The copy must match the data word for word and contain no pictures.

**RECORDS FOR THE TASK:**
##########
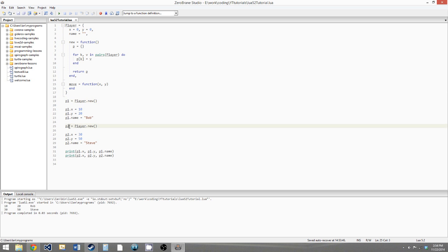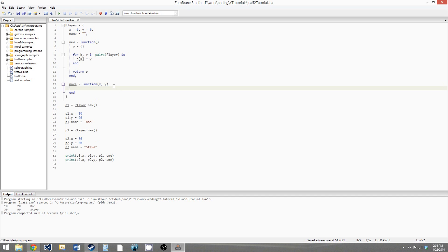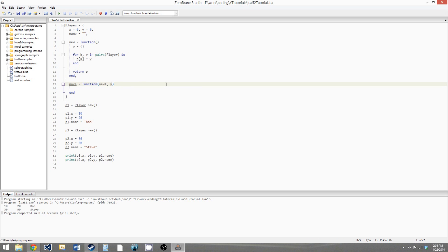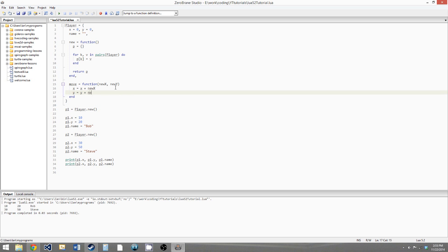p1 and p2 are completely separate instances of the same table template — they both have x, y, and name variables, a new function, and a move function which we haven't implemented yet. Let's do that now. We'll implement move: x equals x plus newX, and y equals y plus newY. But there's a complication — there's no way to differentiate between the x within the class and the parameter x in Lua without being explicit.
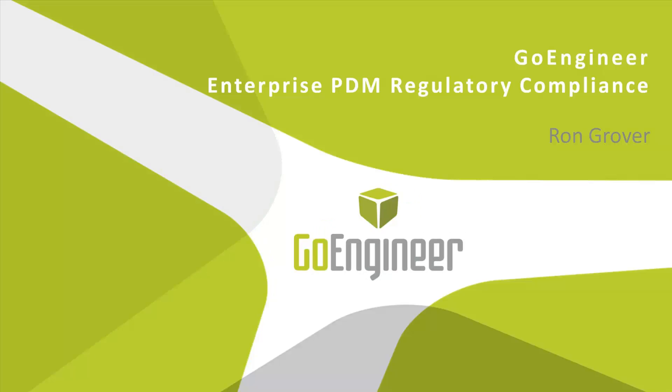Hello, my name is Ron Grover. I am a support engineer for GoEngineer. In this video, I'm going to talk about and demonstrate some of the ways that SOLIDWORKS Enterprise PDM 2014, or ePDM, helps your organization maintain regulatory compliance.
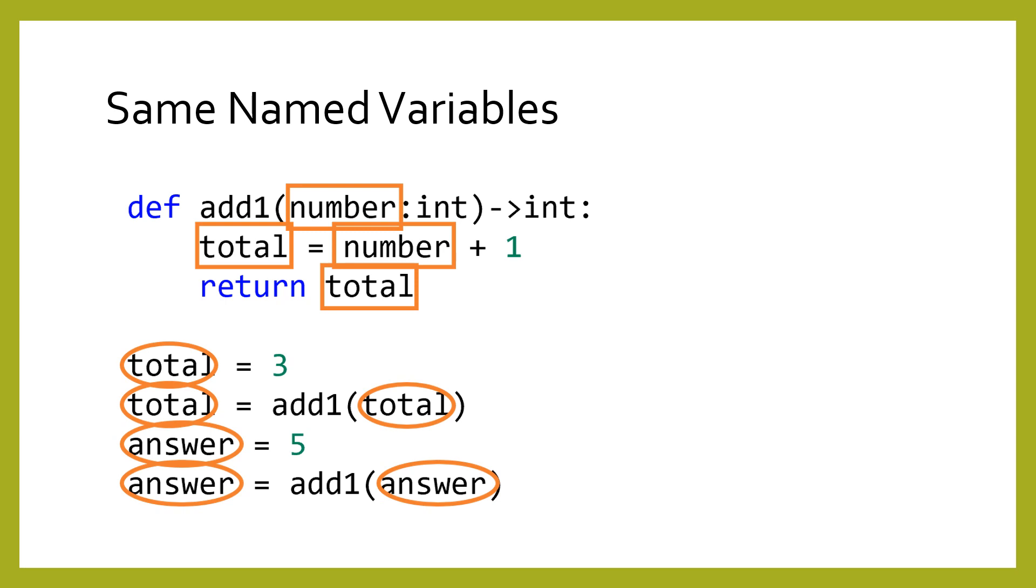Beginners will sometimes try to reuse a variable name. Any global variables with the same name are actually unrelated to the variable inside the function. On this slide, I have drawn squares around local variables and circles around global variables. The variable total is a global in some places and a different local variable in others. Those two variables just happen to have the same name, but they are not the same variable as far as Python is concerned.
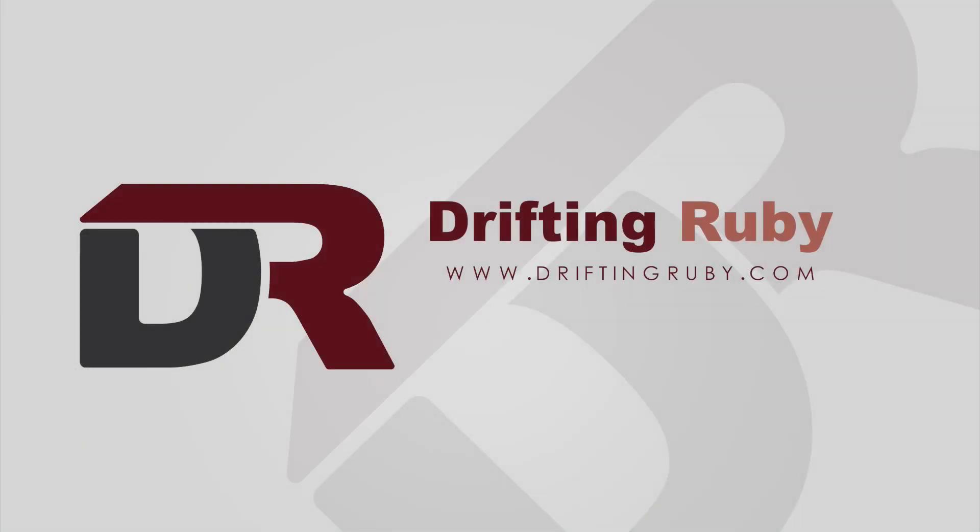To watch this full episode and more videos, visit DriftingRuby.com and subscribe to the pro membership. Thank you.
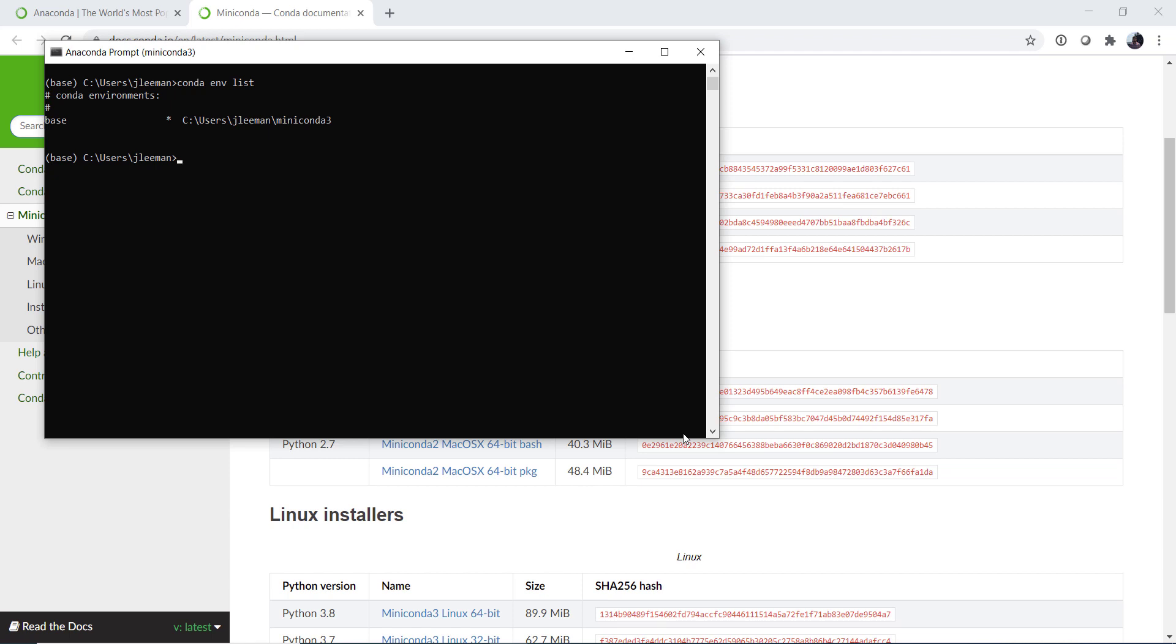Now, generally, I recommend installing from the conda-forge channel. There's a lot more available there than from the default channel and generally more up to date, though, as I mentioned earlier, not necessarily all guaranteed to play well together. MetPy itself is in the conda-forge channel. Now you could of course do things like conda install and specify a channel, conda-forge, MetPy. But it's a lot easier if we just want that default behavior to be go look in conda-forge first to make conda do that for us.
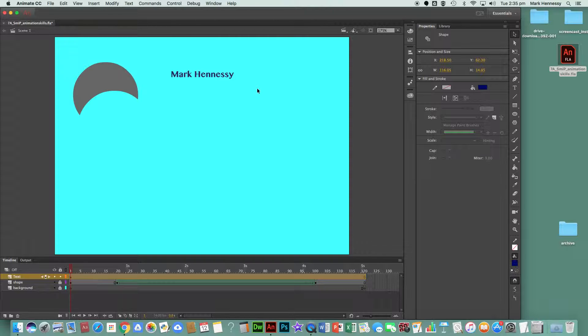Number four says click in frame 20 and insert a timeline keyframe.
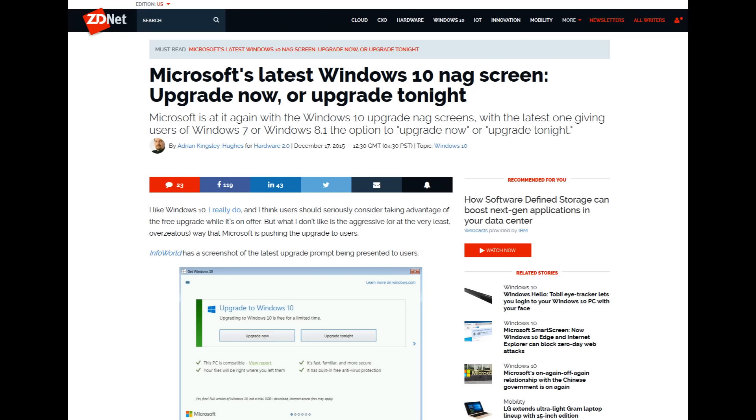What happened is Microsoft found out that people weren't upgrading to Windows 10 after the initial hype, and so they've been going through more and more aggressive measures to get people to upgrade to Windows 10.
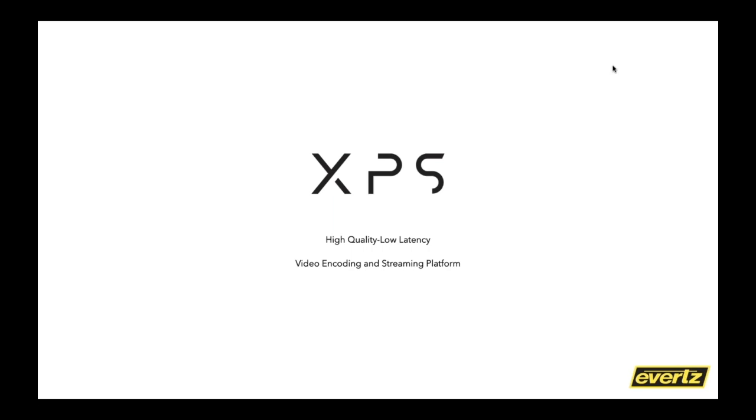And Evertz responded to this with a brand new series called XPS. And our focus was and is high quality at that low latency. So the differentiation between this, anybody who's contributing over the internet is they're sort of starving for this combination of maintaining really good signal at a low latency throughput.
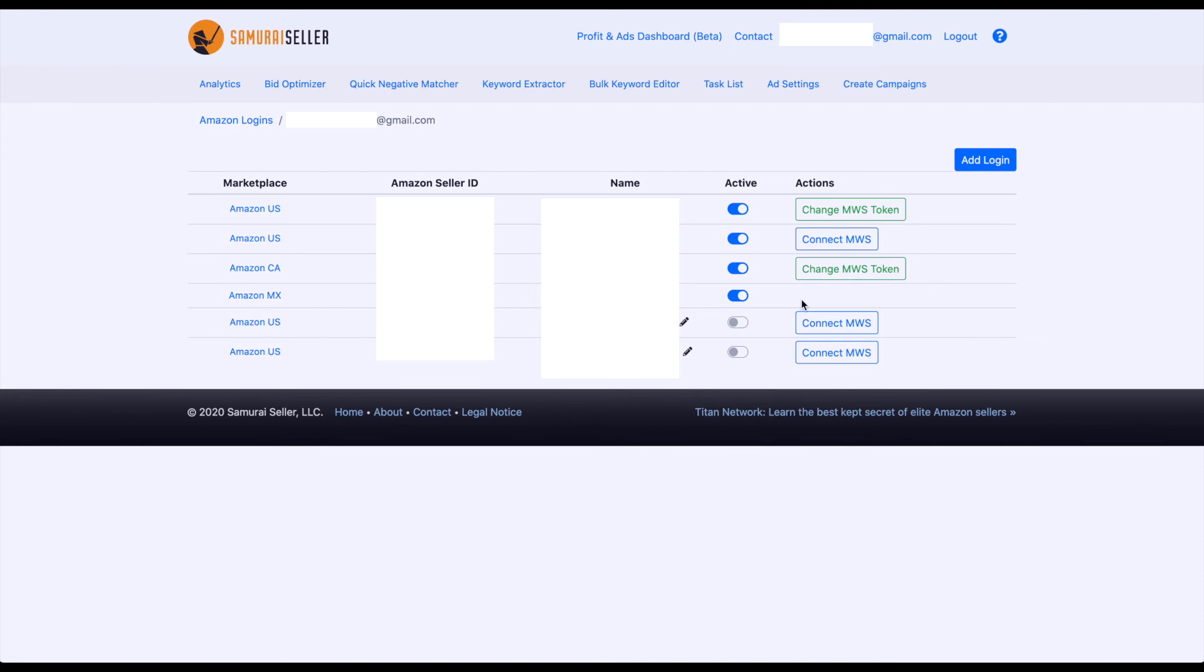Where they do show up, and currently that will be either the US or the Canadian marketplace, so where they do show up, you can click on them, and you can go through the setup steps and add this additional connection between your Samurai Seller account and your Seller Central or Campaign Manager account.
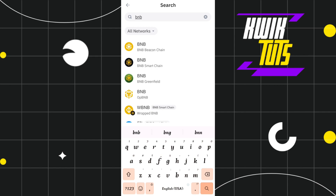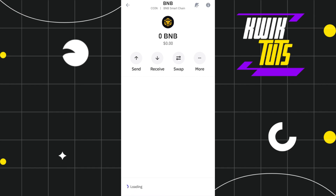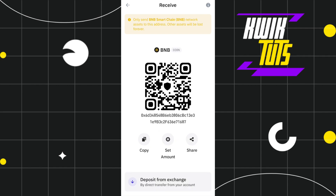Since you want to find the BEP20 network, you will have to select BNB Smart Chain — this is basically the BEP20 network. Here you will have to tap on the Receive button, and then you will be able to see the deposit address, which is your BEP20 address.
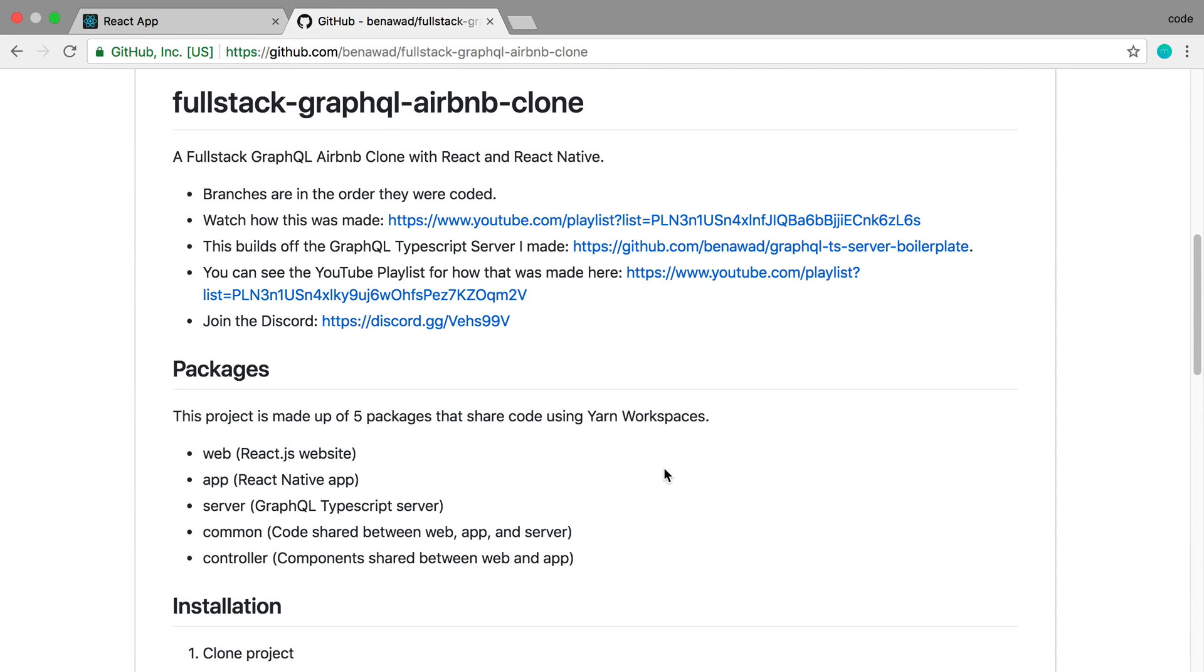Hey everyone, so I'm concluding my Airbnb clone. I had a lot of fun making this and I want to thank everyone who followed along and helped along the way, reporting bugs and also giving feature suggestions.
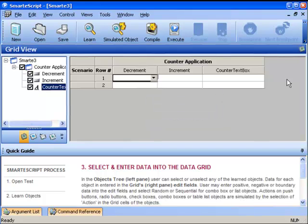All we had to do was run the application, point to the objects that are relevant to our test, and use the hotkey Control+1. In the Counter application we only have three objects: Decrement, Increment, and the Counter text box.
##########
**RESULT FOR THIS EXERCISE:**
p1 and p2 are completely separate instances of the same table template — they both have x, y, and name variables, a new function, and a move function which we haven't implemented yet. Let's do that now. We'll implement move: x equals x plus newX, and y equals y plus newY. But there's a complication — there's no way to differentiate between the x within the class and the parameter x in Lua without being explicit.
Hello, my name is Ron Grover. I am a support engineer for GoEngineer. In this video, I'm going to talk about and demonstrate some of the ways that SOLIDWORKS Enterprise PDM 2014, or ePDM, helps your organization maintain regulatory compliance.
Beginners will sometimes try to reuse a variable name. Any global variables with the same name are actually unrelated to the variable inside the function. On this slide, I have drawn squares around local variables and circles around global variables. The variable total is a global in some places and a different local variable in others. Those two variables just happen to have the same name, but they are not the same variable as far as Python is concerned.
To watch this full episode and more videos, visit DriftingRuby.com and subscribe to the pro membership. Thank you.
Now, generally, I recommend installing from the conda-forge channel. There's a lot more available there than from the default channel and generally more up to date, though, as I mentioned earlier, not necessarily all guaranteed to play well together. MetPy itself is in the conda-forge channel. Now you could of course do things like conda install and specify a channel, conda-forge, MetPy. But it's a lot easier if we just want that default behavior to be go look in conda-forge first to make conda do that for us.
Number four says click in frame 20 and insert a timeline keyframe.
What happened is Microsoft found out that people weren't upgrading to Windows 10 after the initial hype, and so they've been going through more and more aggressive measures to get people to upgrade to Windows 10.
And Evertz responded to this with a brand new series called XPS. And our focus was and is high quality at that low latency. So the differentiation between this, anybody who's contributing over the internet is they're sort of starving for this combination of maintaining really good signal at a low latency throughput.
Where they do show up, and currently that will be either the US or the Canadian marketplace, so where they do show up, you can click on them, and you can go through the setup steps and add this additional connection between your Samurai Seller account and your Seller Central or Campaign Manager account.
Since you want to find the BEP20 network, you will have to select BNB Smart Chain — this is basically the BEP20 network. Here you will have to tap on the Receive button, and then you will be able to see the deposit address, which is your BEP20 address.
Hey everyone, so I'm concluding my Airbnb clone. I had a lot of fun making this and I want to thank everyone who followed along and helped along the way, reporting bugs and also giving feature suggestions.
All we had to do was run the application, point to the objects that are relevant to our test, and use the hotkey Control+1. In the Counter application we only have three objects: Decrement, Increment, and the Counter text box.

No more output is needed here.